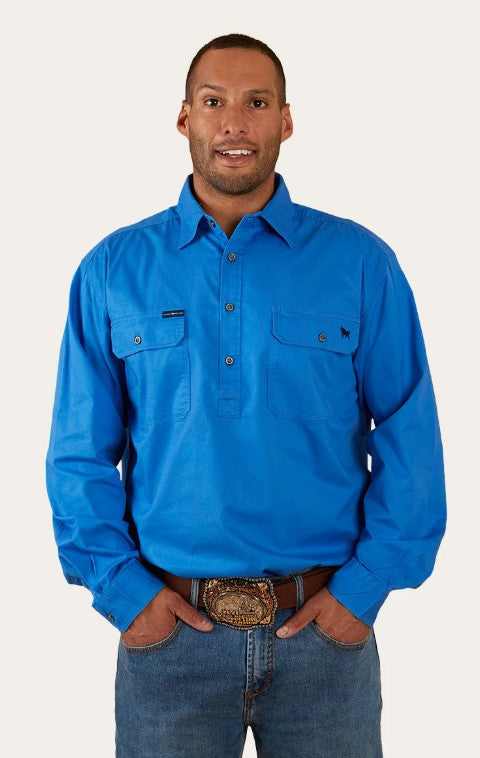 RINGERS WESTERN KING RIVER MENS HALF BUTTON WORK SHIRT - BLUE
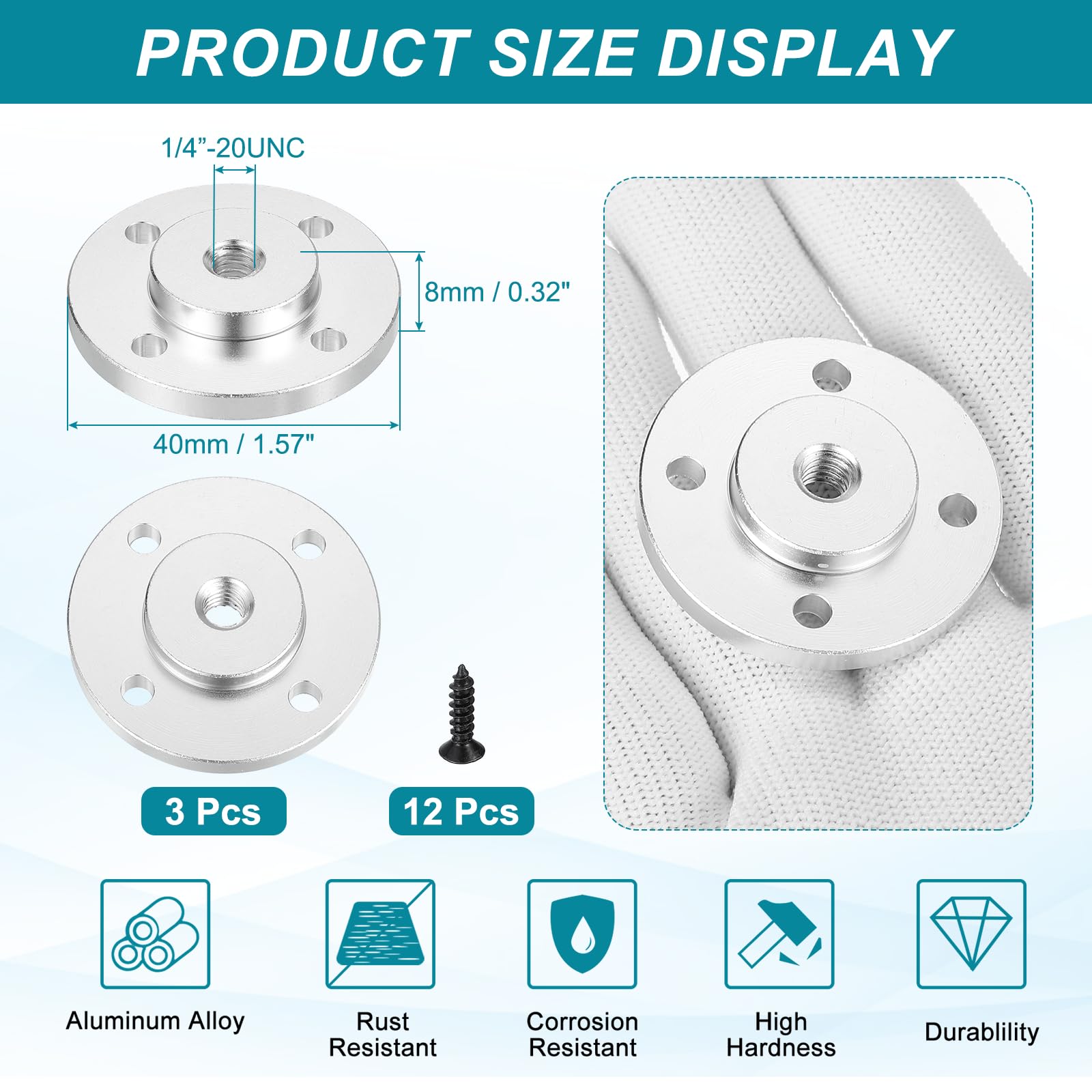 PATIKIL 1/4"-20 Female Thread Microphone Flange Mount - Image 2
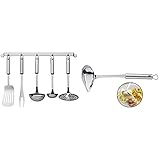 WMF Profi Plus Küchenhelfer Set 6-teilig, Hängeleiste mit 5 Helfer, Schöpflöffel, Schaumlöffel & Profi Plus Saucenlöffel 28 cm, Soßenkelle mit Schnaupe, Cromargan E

------------

### Task to carry out
Any images must be left out; transcribe the rest of the material exactly.

### Exercise response
 RINGERS WESTERN KING RIVER MENS HALF BUTTON WORK SHIRT - BLUE
 PATIKIL 1/4"-20 Female Thread Microphone Flange Mount - Image 2
 WMF Profi Plus Küchenhelfer Set 6-teilig, Hängeleiste mit 5 Helfer, Schöpflöffel, Schaumlöffel & Profi Plus Saucenlöffel 28 cm, Soßenkelle mit Schnaupe, Cromargan E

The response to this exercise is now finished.